In [285]:
import numpy as np
import matplotlib.pyplot as plt
from sklearn.model_selection import GridSearchCV
from sklearn.pipeline import make_pipeline
from sklearn.preprocessing import StandardScaler, OneHotEncoder, Binarizer
from sklearn.linear_model import SGDClassifier
from sklearn.compose import make_column_transformer, make_column_selector
from sklearn.impute import SimpleImputer, KNNImputer
import seaborn as sns
import pandas as pd

In [286]:
titanic = sns.load_dataset('titanic')
titanic.head()

Unnamed: 0,survived,pclass,sex,age,sibsp,parch,fare,embarked,class,who,adult_male,deck,embark_town,alive,alone
0,0,3,male,22.0,1,0,7.25,S,Third,man,True,,Southampton,no,False
1,1,1,female,38.0,1,0,71.2833,C,First,woman,False,C,Cherbourg,yes,False
2,1,3,female,26.0,0,0,7.925,S,Third,woman,False,,Southampton,yes,True
3,1,1,female,35.0,1,0,53.1,S,First,woman,False,C,Southampton,yes,False
4,0,3,male,35.0,0,0,8.05,S,Third,man,True,,Southampton,no,True


In [287]:
titanic.dropna(inplace=True)
y = titanic['survived']
X = titanic.drop('survived', axis=1)

In [288]:
# numerical_features = ['pclass', 'age', 'fare']
# categorical_features = ["sex", "deck", "alone"]

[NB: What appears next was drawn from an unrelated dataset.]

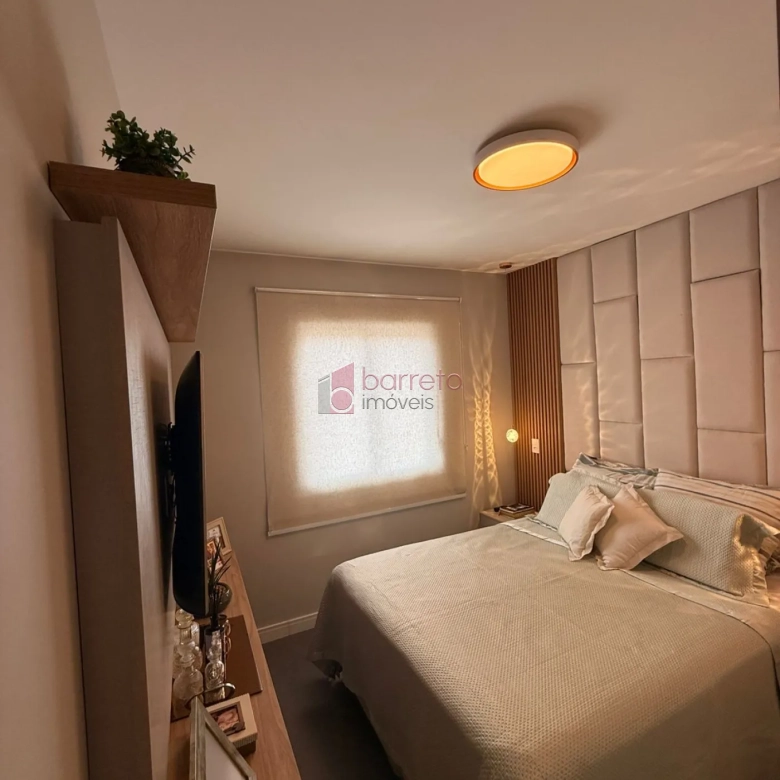 APARTAMENTO À VENDA NO CONDOMÍNIO TORRES DE OZANAM – BAIRRO HORTO FLORESTAL – JUNDIAÍ/SP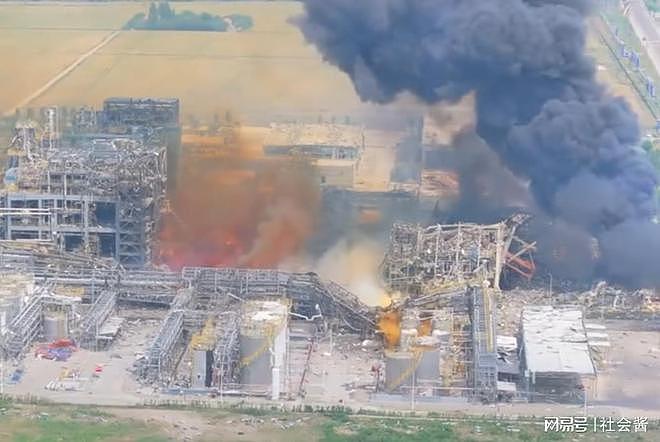 山东化学工厂爆炸!知情人透露:硝化釜超温爆炸,引燃二甲苯罐(组图) - 8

numerical_features = make_column_selector(dtype_include=np.number)
categorical_features = make_column_selector(dtype_include=object)

In [289]:
"""
categorical_features = X.select_dtypes(include=['object']).columns.tolist()

categorical_pipeline = make_pipeline(
    SimpleImputer(strategy='most_frequent'),
    OneHotEncoder(handle_unknown='ignore')
)

encoded_features = categorical_pipeline.fit_transform(X[categorical_features]).toarray()

# Get the feature names after one-hot encoding
feature_names = categorical_pipeline.named_steps['onehotencoder'].get_feature_names_out(input_features=categorical_features)

# Create a DataFrame with the encoded features and feature names
encoded_df = pd.DataFrame(encoded_features, columns=feature_names)

print(encoded_df.head())
"""

"\ncategorical_features = X.select_dtypes(include=['object']).columns.tolist()\n\ncategorical_pipeline = make_pipeline(\n    SimpleImputer(strategy='most_frequent'),\n    OneHotEncoder(handle_unknown='ignore')\n)\n\nencoded_features = categorical_pipeline.fit_transform(X[categorical_features]).toarray()\n\n# Get the feature names after one-hot encoding\nfeature_names = categorical_pipeline.named_steps['onehotencoder'].get_feature_names_out(input_features=categorical_features)\n\n# Create a DataFrame with the encoded features and feature names\nencoded_df = pd.DataFrame(encoded_features, columns=feature_names)\n\nprint(encoded_df.head())\n"

In [290]:

numerical_pipeline = make_pipeline(
    SimpleImputer(missing_values=np.nan, strategy='mean'),
    StandardScaler()
)

categorical_pipeline = make_pipeline(
    SimpleImputer(missing_values=np.nan, strategy='most_frequent'),
    OneHotEncoder(handle_unknown='ignore')
)

print(categorical_pipeline.fit_transform(X[categorical_features]).toarray())

[[1. 0. 1. ... 0. 0. 1.]
 [1. 0. 0. ... 1. 0. 1.]
 [0. 1. 0. ... 1. 1. 0.]
 ...
 [1. 0. 1. ... 0. 0. 1.]
 [1. 0. 0. ... 1. 0. 1.]
 [0. 1. 1. ... 0. 0. 1.]]


In [291]:
preprocessor = make_column_transformer(
    (numerical_pipeline, numerical_features),
    (categorical_pipeline, categorical_features)
)


In [292]:
model = make_pipeline(preprocessor, SGDClassifier())
model.fit(X, y)

print(model.predict(X[:5]))
print(model.score(X, y))

[1 1 0 1 1]
1.0


# Pipelines Union

In [293]:
from sklearn.pipeline import make_union

In [294]:
numerical_features = X[['age', 'fare']]

In [295]:
pipeline = make_union(StandardScaler(), Binarizer(threshold=30))

In [296]:
both_result = pipeline.fit_transform(numerical_features)
print(both_result[:5])
print(both_result.shape)


[[ 0.15208196 -0.10011013  1.          1.        ]
 [-0.03987502 -0.33848477  1.          1.        ]
 [ 1.17585249 -0.35470782  1.          1.        ]
 [-2.02343043 -0.81567192  0.          0.        ]
 [ 1.43179512 -0.68654298  1.          0.        ]]
(182, 4)


# Why Imputer() over dropna() : To use optimise GridSearch params

In [297]:
titanic = sns.load_dataset('titanic')
X = titanic[["pclass", "age"]]
y = titanic["survived"]

model = make_pipeline(KNNImputer(), SGDClassifier())

params = {
    'knnimputer__n_neighbors': [1, 2, 3, 4, 5],
}

In [298]:
grid = GridSearchCV(model, param_grid=params, cv=5)

In [299]:
grid.fit(X, y)

In [300]:
grid.best_params_

{'knnimputer__n_neighbors': 2}

In [301]:
grid.best_score_

0.6790659720042683